| NEW YORK
NEW YORK Private equity firms, already squeezed by the credit crisis, will find themselves under more pressure after New York State barred the use of middlemen to help them attract money from its $122 billion pension fund.
The current New York State comptroller banned placement agents, paid intermediaries and registered lobbyists on Wednesday, as a result of federal and state probes into kickback fees.
The investigations have been gathering steam since March when the state and the U.S. Securities and Exchange Commission charged two top aides to the former state comptroller with making more than $15 million in fees for helping private equity firms get a piece of the state's pension fund.
The ban, which observers expect will be followed by other states, could have the biggest impact on small private equity funds that lack the staff and budget to conduct extensive fund-raising activities themselves.
"I think it is very likely to gather momentum," said Michael Holland, founder of fund manager Holland & Co and a former partner at private equity firm Blackstone Group (BX.N). "I'd be very surprised if other states don't follow that lead."
D.C.-based Carlyle Group CYL.UL, and New York's Quadrangle Group have been caught up in the probes, but have not been accused of wrongdoing.
Carlyle said Wednesday it would stop using placement agents when seeking investments from public pension funds in the United States.
Quadrangle, co-founded by Steven Rattner, President Barack Obama's auto task force chief, had no comment.
Placement agents act as middlemen between pension funds looking for places to put their money and private equity funds seeking investments.
The business has been growing, according to London-based research firm Preqin.
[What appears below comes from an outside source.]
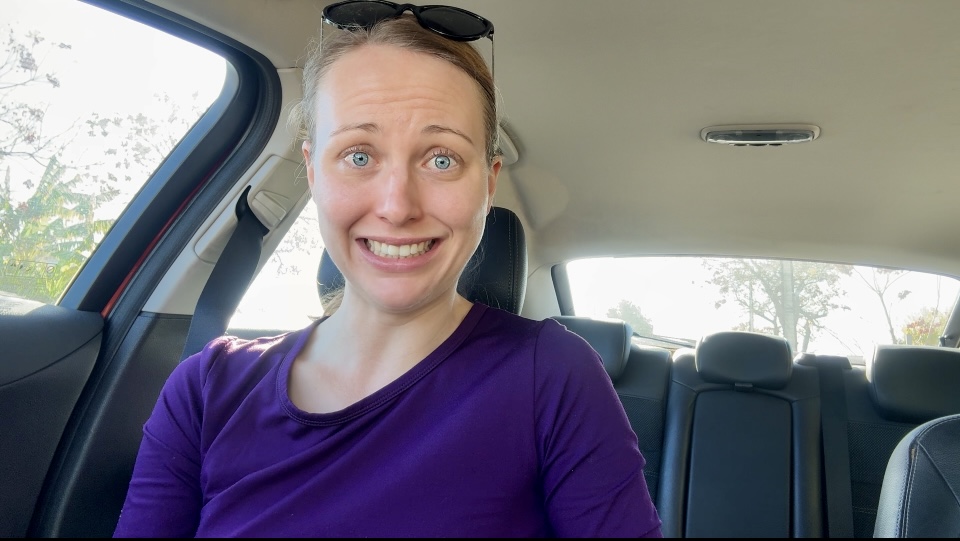 Woman sitting in her car, grimacing in fear and courage in anticipation of the action she is about to take.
Of the private equity firms that raised funds in 2008, 54 percent used a placement agent, up from 45 percent in 2007 and 40 percent in 2006, it said.
The placement agent business is mostly made up of brand name firms such as Credit Suisse's CSGN.VX Private Fund Group and Blackstone's (BX.N) Park Hill Group, according to Preqin.
"Placement agents are ... professional outfits, which are very valuable to the private equity industry and provide them a number of services," said Tim Friedman, Preqin's head of communications.
Those in the industry say they are being unfairly tarred.
"Genuine placement agents and finders often perform a variety of specific services, such as helping to craft marketing materials and presentations to investors," the SEC's civil complaint against the two aides said.
"To penalize the whole industry is dramatic," said one senior executive at a large placement agency, who requested anonymity because he was not authorized to speak to the press. "Why punish the intermediaries?"
The big question for smaller private equity funds now is how can they raise money if they cannot use placement agents.
"If you're not allowed to use a placement agent and you don't have your own fund-raising staff, what do you do?" said another private equity executive who asked not to be named.
It is also a hit to an industry already struggling to attract fresh money from pension funds. Some pension and endowment funds are over-exposed to the asset class after seeing the value of their equity portfolios shrink and need more persuasion to keep investing.
Preqin's Friedman said placement agents are especially valuable during the current financial storm when it takes funds longer to raise money.
Another executive at a private equity firm, who also declined to be named, said that the move would favor large funds with pre-existing relationships and disadvantage smaller funds.
Current New York State Comptroller Thomas DiNapoli said he did not think that the pension fund would miss out on profitable investments.
It was "more typical" for investment managers to seek him out instead of his having to hunt for them, he said.
"I think...that on the upside, not to have this...sense of compromise that we're having right now -- that would be a huge benefit moving forward."